### [Data records]
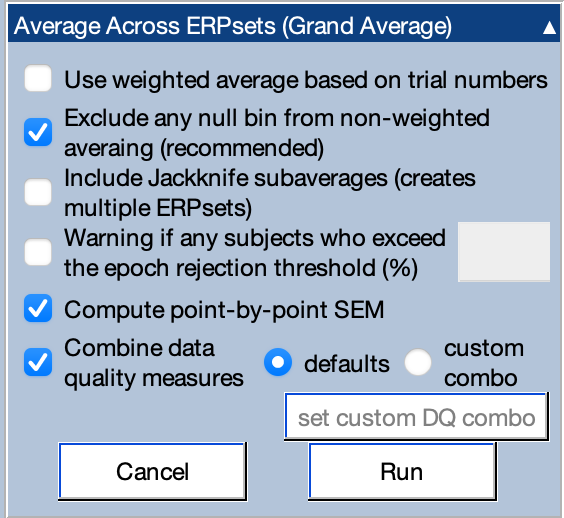 Average Across ERPsets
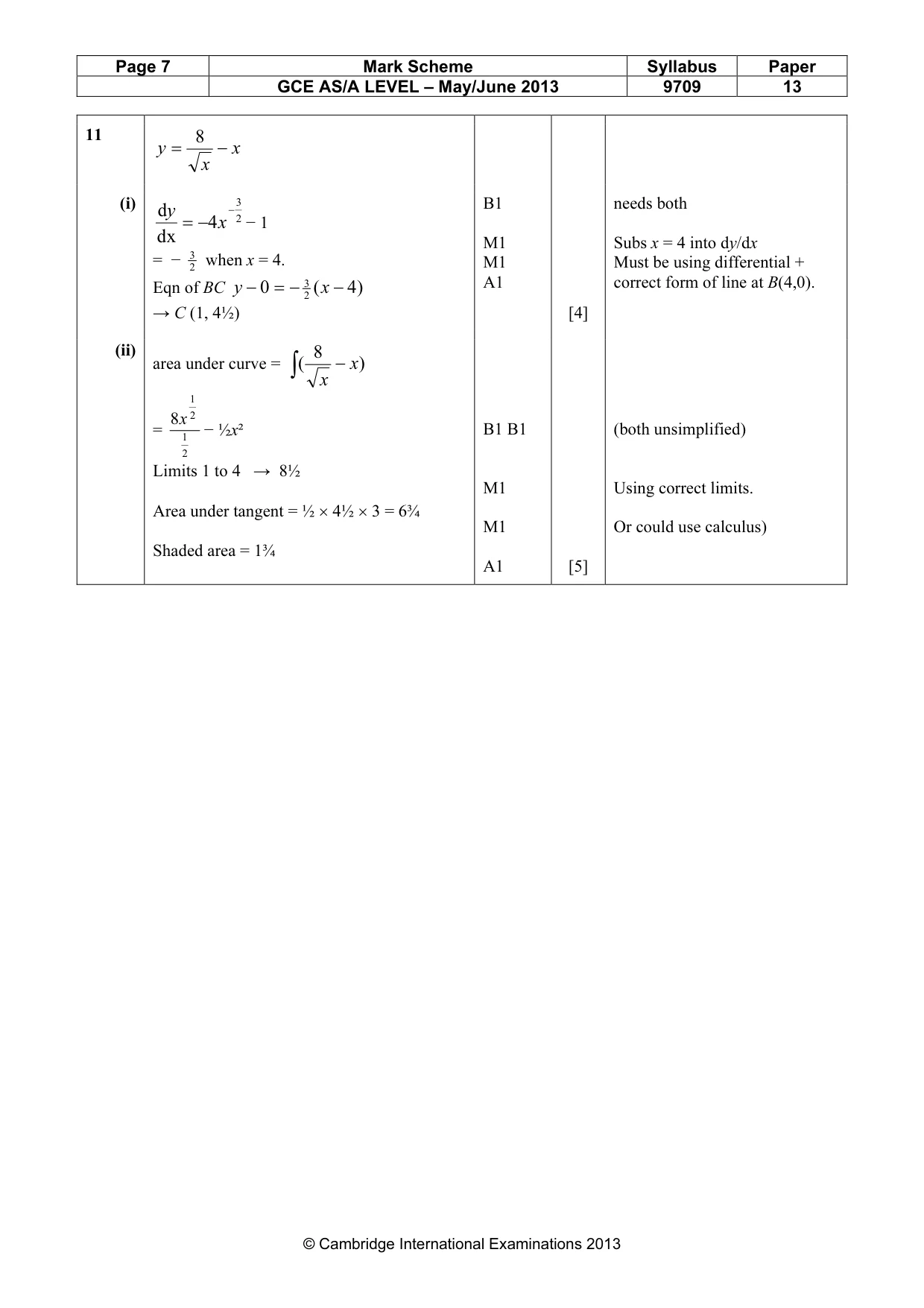 Mark scheme, page 7 of 7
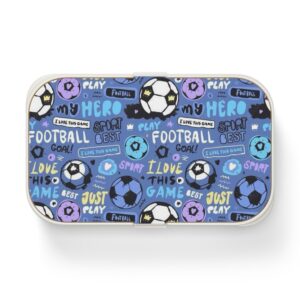 Soccer Doodles Bento Lunch Box | Football Pattern, Blue Kids Lunchbox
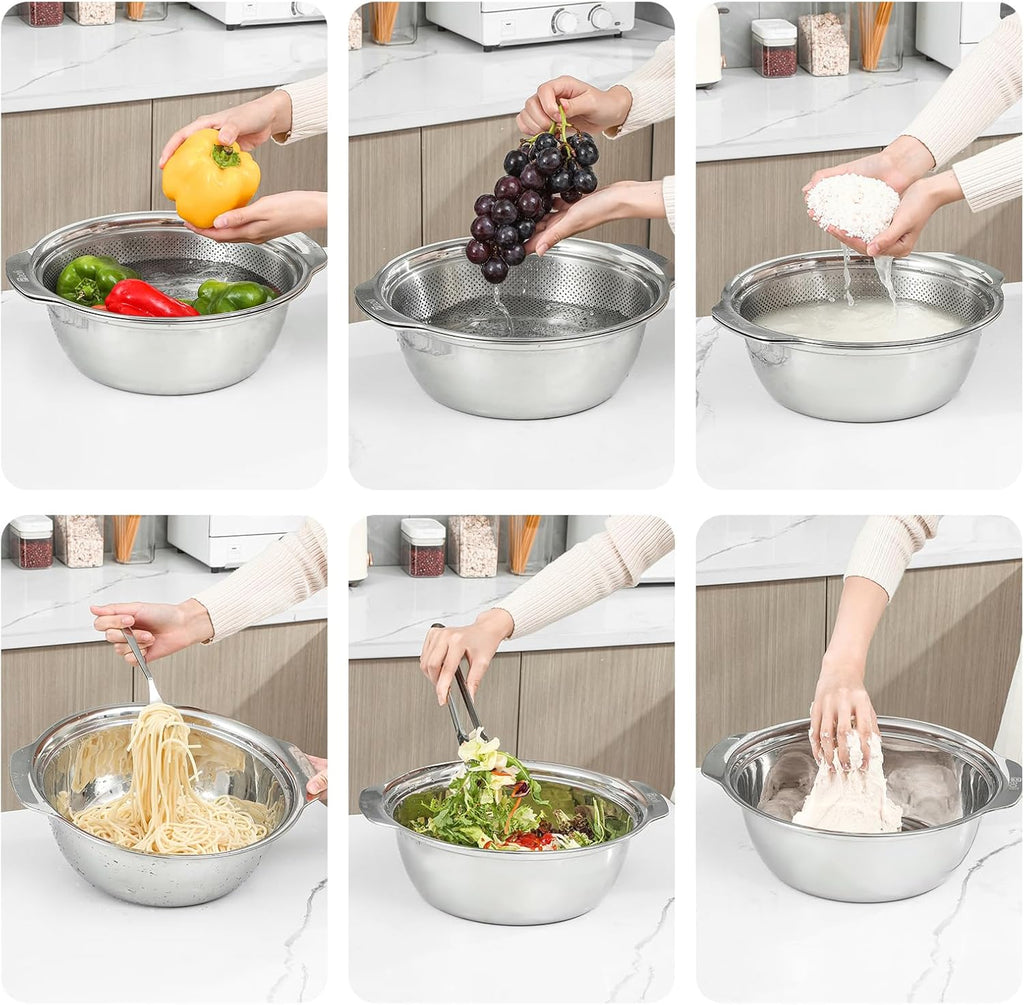 304 Stainless Steel Microporous Colander with Handle, Rice Washers Microporous Strainer Set For washing vegetables, fruits and rice, and draining cooked pasta.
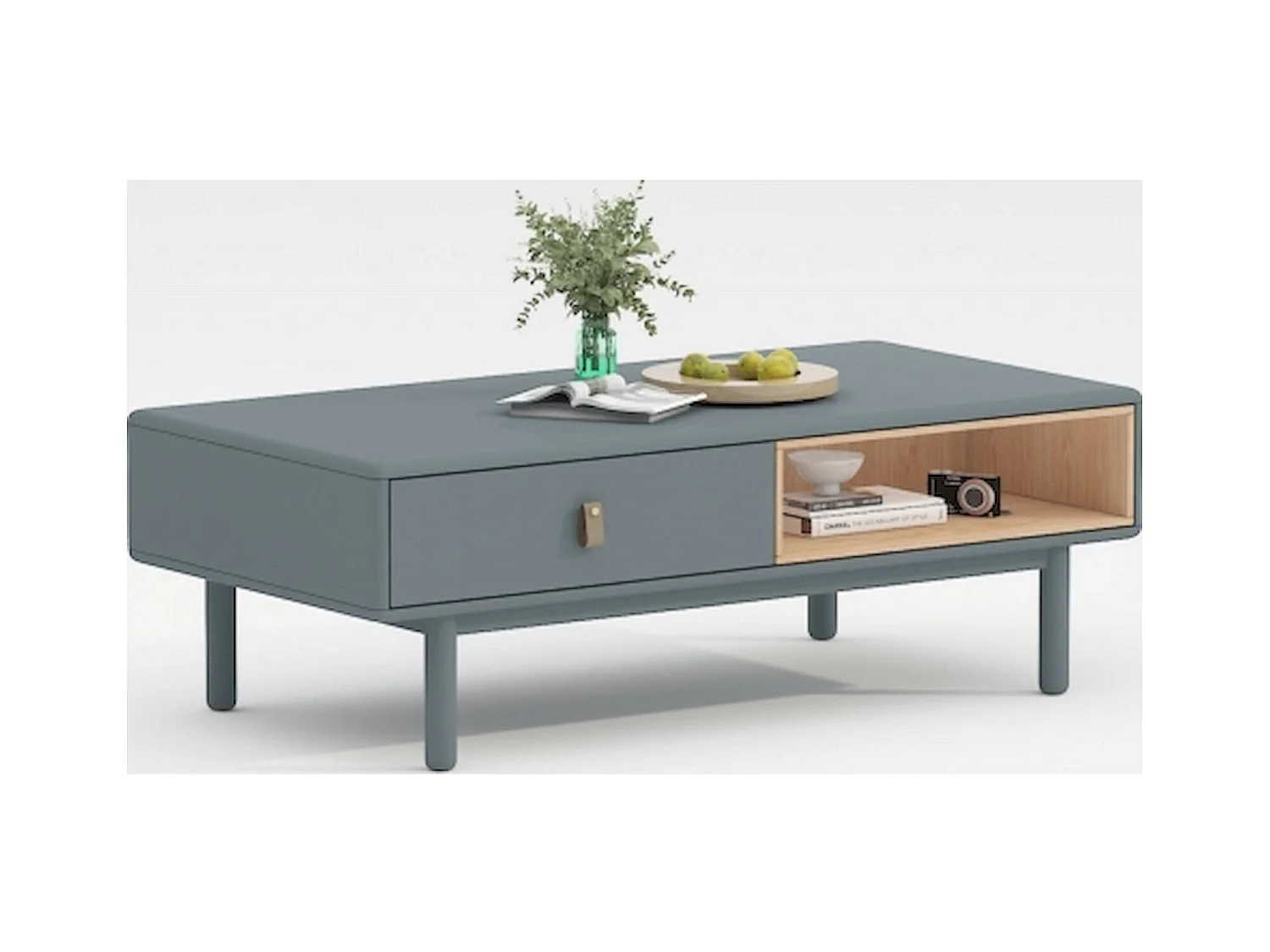 Table basse bois bleu élégance moderne pour salon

### [Aim of the exercise]
Range to copy from the records above: the line containing "Soccer Doodles Bento" to the line containing "304 Stainless Steel", both included. Output those lines exactly and only those, skipping pictures.

### [Solution to this task]
 Soccer Doodles Bento Lunch Box | Football Pattern, Blue Kids Lunchbox
 304 Stainless Steel Microporous Colander with Handle, Rice Washers Microporous Strainer Set For washing vegetables, fruits and rice, and draining cooked pasta.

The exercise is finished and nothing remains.